Ils ont analysé les données d'une zone couvrant notamment les vignobles de Bourgogne, Champagne et de la vallée de la Loire, passé également au crible plus d'une centaine de modélisations climatiques.
Résultat: le changement climatique a "augmenté d'environ 60%" la probabilité qu'un tel événement survienne en période de bourgeonnement, explique Robert Vautard, directeur de l'Institut Pierre et Simon Laplace de recherche en sciences de l'environnement, un des auteurs de l'étude.

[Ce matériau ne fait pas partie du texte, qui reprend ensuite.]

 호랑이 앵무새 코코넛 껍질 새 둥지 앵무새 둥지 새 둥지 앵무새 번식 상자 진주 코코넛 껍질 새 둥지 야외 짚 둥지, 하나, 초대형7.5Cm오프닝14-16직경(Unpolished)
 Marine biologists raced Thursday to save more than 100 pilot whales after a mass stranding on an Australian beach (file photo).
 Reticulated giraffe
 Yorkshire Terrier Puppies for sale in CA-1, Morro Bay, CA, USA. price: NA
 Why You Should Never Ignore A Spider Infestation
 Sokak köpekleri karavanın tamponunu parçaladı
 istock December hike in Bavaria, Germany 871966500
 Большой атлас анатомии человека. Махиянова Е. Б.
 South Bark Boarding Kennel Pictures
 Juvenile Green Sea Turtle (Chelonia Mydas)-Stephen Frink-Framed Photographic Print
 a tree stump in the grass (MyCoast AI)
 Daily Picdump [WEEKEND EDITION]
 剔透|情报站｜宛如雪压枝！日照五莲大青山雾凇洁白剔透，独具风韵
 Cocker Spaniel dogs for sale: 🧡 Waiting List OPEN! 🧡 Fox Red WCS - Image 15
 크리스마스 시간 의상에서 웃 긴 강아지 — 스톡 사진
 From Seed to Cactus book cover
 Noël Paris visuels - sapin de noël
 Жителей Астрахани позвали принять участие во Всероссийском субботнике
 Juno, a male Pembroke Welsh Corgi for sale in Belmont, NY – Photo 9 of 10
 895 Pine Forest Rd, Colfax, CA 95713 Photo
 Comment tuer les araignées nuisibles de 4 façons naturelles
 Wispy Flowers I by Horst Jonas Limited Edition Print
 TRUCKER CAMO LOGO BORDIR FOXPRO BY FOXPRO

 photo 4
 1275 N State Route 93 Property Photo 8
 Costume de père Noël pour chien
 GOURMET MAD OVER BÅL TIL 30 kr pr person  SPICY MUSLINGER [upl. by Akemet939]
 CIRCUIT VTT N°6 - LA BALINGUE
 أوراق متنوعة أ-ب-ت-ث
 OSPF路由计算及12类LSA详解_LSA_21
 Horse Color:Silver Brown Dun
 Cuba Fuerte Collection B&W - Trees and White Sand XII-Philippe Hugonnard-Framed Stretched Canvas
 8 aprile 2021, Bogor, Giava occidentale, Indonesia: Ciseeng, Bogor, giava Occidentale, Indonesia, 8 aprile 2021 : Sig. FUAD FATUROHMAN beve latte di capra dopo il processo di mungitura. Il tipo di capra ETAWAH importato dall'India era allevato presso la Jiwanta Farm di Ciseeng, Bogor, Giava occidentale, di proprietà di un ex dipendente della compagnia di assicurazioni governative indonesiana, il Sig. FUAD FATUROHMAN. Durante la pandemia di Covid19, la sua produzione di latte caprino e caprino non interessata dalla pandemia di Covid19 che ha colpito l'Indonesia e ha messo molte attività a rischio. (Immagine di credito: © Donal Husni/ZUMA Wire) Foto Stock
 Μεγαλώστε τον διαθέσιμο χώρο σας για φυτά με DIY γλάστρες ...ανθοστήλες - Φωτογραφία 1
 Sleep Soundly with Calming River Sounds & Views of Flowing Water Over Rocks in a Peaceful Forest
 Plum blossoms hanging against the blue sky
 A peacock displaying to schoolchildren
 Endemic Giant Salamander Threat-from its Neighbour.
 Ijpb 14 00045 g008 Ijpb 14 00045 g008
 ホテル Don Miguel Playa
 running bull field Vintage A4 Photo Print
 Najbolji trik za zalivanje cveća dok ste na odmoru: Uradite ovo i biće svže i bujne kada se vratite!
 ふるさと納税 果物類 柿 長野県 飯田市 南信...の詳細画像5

Et le phénomène risque de "s'amplifier dans le futur", puisqu'un réchauffement de 2°C par rapport à l'ère pré-industrielle, soit l'objectif de réchauffement maximal de l'accord de Paris qui semble pour l'instant hors de portée, verrait "encore 40% d'augmentation de la probabilité de ce type d'événement", souligne le scientifique.
Existentiel
Paradoxalement, le réchauffement rend moins fréquents et moins intenses les épisodes de gel. Mais il augmente dans des proportions encore plus grandes les phénomènes de chaleur précoce, comme la France en avait connu au mois de mars.
Une douceur qui favorise le "débourrement" de la végétation, qui sort plus tôt de sa dormance hivernale et bourgeonne. Et ce processus "arrive de plus en plus tôt," souligne Nicolas Viovy, du Laboratoire des sciences du climat de l'environnement, autre auteur de l'étude: "On a gagné quasiment 15 jours depuis les années 1980".
Résumé du phénomène, "plus il fait chaud et plus la végétation est exposée au risque de gel tardif", alors que cette notion même de tardif évolue, de plus en plus tôt dans la saison, poursuit-il.
Un processus complexe dans lequel "c'est la combinaison des deux facteurs qui cause la gravité", souligne aussi Samuel Morin, directeur du Centre national de recherches météorologiques, unité mixte CNRS/Météo France, qui n'a pas personnellement participé à l'étude. Trois autres chercheurs de Météo-France co-signent le rapport, qui s'est notamment appuyé sur les relevés de l'établissement public.
"C'est un vrai pas en avant scientifique que d'être capable d'analyser des événements composites" de ce type, insiste-t-il, rappelant qu'on "ne peut pas dire d'un événement météo ponctuel: c'est à cause du changement climatique, mais on peut mesurer à quel point le changement climatique a modifié la probabilité que cet événement puisse se produire".
Une probabilité dont les conséquences peuvent peser lourd, comme le souligne Markus Reichstein du Max Planck Institute allemand, un des auteurs de l'étude. "Cela pourrait être essentiel d'un point de vue économique. Il y a la question de ce que feront les assureurs... Pour certains ça pourrait être une question existentielle".